SSRIs are considered a symptomatic treatment for patients with FXS, but they may be working in a targeted manner as well. We have discussed evidence here that increasing serotonergic signaling can potentially rescue the neurobiology that is disrupted in FXS by upregulating levels of BDNF, increasing the number of GluA1 receptors and GlutA1-LTP, increasing levels of serotonin in the synapse, and by enhancing the dopaminergic system. These mechanisms are thought to improve synaptic plasticity and brain development. Other effects may include balancing cortical asymmetry of serotonin and overall neuroprotective effects.
Among the SSRIs, sertraline may be especially beneficial to patients with FXS due to its potency and ability to block the reuptake of dopamine, a neurotransmitter known to be dysregulated in FXS (71) and other neuropsychiatric conditions (68). Experiments done on murine FXS models show that treatment benefits vary depending on age (14). Serotonin and BDNF profiles change over time, and may be pathologically low in early development. Therefore, the timing of therapy with serotonergic agents may be extremely important in patients with FXS. Similarly, the consequences of FMRP expression depend on age (14). This is consistent with evidence from a retrospective chart review done by Winarni et al. (65), which found that one to four year old children with FXS who received sertraline showed improved receptive and expressive language outcomes.

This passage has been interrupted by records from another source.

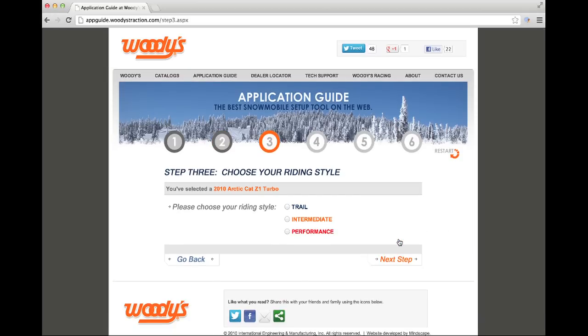In the third step, we want to know what type of rider you are: a trail rider, an intermediate rider, or a performance rider. A trail rider rides on mostly groomed hard-packed snow at cruising speeds. An intermediate rider rides on groomed hard-packed trails, ice, and some off-trail at cruising and faster speeds. The performance rider rides on groomed hard-packed trails, ice, and off-trail at the speed limit all the time. Each rider type will provide different stud quantities and carbide lengths. Make your selection and click Next Step.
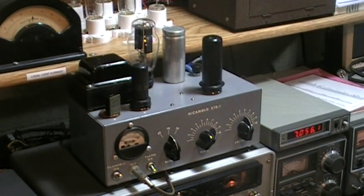So here we'll send a little bit of Morse with it so you can hear what it sounds like.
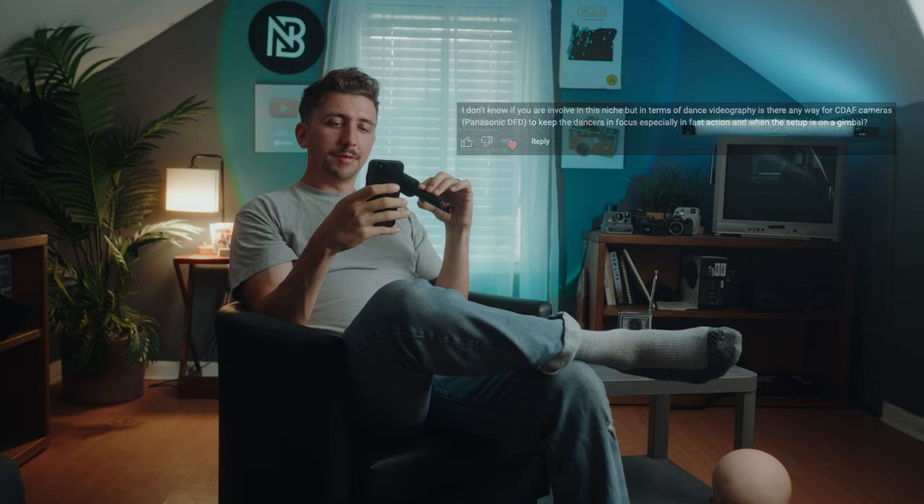Next question: for dance photography using contrast-detection autofocus cameras like Panasonic's Depth-from-Defocus — can you keep dancers in focus in fast action on a gimbal? Probably not in the same way phase detection would. Contrast-based AF works reasonably well for photos but not video. For filming dancers, I'd stop down the lens a bit to increase depth of field and try to maintain a consistent distance from the dancers, especially on a gimbal, even if they're moving around.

It is critical that this therapeutic opportunity is further investigated with controlled trials, as it could lead to significant improvements in symptoms, cognition, and quality of life for patients with FXS.
Acknowledgements
This work was supported by a grant from HRSA: R40MC22641, R40MC27701 and from the University of California Davis School of Medicine Student Research Fellowship Program.